Planeta Literatura
Fomos maus alunos
Gilberto Dimenstein e Rubem Alves
"Sinto-me nascido a cada momento para a eterna novidade do mundo. A última coisa que se pode sentir diante da eterna novidade do mundo é tédio. O pensamento é uma criança que explora essa caixa de brinquedos chamada mundo. Pensar é brincar com os pensamentos." (Rubem Alves)
Imagine o que significa reunir dois fenômenos num mesmo time. Quantas tabelinhas e lances magistrais poderiam acontecer? Os gols sairiam em profusão. As jogadas de mestre seriam uma constante. O público iria delirar do começo ao fim...
"Fomos maus alunos", da editora Papirus, realiza esse feito na área da educação ao colocar em campo (mais especificamente nas páginas de um livro), os craques Rubem Alves e Gilberto Dimenstein.
O educador Rubem Alves, nas palavras de Gilberto Dimenstein, "é o educador íntegro", inteiro, de corpo e alma. Transcende o básico da educação ao reunir "o máximo da razão com o máximo da emoção". Gilberto completa a apresentação de Rubem Alves assumindo um posicionamento que muitos de nós, educadores, gostaríamos de assumir ao dizer que "se pudesse escolher o que gostaria de ser quando crescer (se crescer) é Rubem Alves".
O jornalista Gilberto Dimenstein, nos dizeres de Rubem Alves, é um "comunicador", daqueles que acreditam que "comunicar é a arte de fazer com que uma idéia tenha vida". Gilberto é aquele que "liga pontos que ninguém acreditava que pudessem ser ligados" e faz "nascer o potencial de inteligência e vida que mora dentro das pessoas". Um verdadeiro e autêntico educador.
Diante de uma apresentação como essa, em que fica esclarecido um pouco da trajetória e dos propósitos que unem o destino dos dois protagonistas, fica um tanto quanto confuso entender o título do livro que reuniu esses dois talentos, "Fomos maus alunos".
O jornalista Gilberto
Dimenstein e o educador Rubem Alves.
"Quando a escola vinha com isso, dizendo que eu tinha que saber os afluentes do Tocantins, do Amazonas, eu só dizia assim: Eu não consigo. Depois de uma certa idade foi que descobri que quando eu falava não consigo, tinha uma voz dizendo, mas por que deveria conseguir? (...) Fui descobrir que não conseguia por que aquilo não tinha significado." (Gilberto Dimenstein)

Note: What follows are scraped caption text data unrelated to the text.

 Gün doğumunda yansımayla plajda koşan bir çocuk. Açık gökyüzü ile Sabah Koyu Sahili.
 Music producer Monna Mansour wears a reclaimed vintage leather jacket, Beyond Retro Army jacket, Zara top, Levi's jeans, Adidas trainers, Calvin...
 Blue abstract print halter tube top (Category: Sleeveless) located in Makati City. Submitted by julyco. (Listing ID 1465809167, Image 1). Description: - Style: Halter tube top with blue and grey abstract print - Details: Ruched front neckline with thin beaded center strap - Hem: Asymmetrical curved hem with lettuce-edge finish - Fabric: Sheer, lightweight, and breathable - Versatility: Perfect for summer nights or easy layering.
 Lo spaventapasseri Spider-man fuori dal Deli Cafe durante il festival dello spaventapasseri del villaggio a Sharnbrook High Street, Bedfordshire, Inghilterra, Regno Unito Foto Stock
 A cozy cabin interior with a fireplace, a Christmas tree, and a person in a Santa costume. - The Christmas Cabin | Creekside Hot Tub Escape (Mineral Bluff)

Que então fique claro, o mais rapidamente possível, que tanto Dimenstein quanto Rubem Alves falam a respeito de suas trajetórias como estudantes ao longo de todo o livro e, ressaltam que tiveram dificuldades em lidar com a escola, o que lhes causava arrepios ao acordar todos os dias pela manhã e ter que trilhar os caminhos que os levavam a suas escolas.
Em suas falas, nesse diálogo estendido e transformado em livro, fica claro que a escola não foi capaz em momento algum de seduzi-los, conquistá-los, fazê-los se sentir à vontade, produzir e realizar dentro daquilo que poderiam...
A escola lhes parecia apenas mais um compromisso a ser cumprido, como um remédio amargo a ser engolido quando o corpo carrega uma moléstia qualquer. Sabiam que precisavam dela, mas não conseguiam criar um laço de conexão que unisse os "conhecimentos" aprendidos na sala de aula ao mundo exterior.
Não vivenciavam essa experiência como a do homem apaixonado, que a todo instante quer estar com a mulher amada, curtindo intensamente todos os momentos; não percebiam a relação que tinham com as aulas como aquela que permite transcender, viajar para mundos nunca antes visitados por outro ser humano, transpor barreiras e voar, como Ícaro e suas asas de cera, em direção ao infinito...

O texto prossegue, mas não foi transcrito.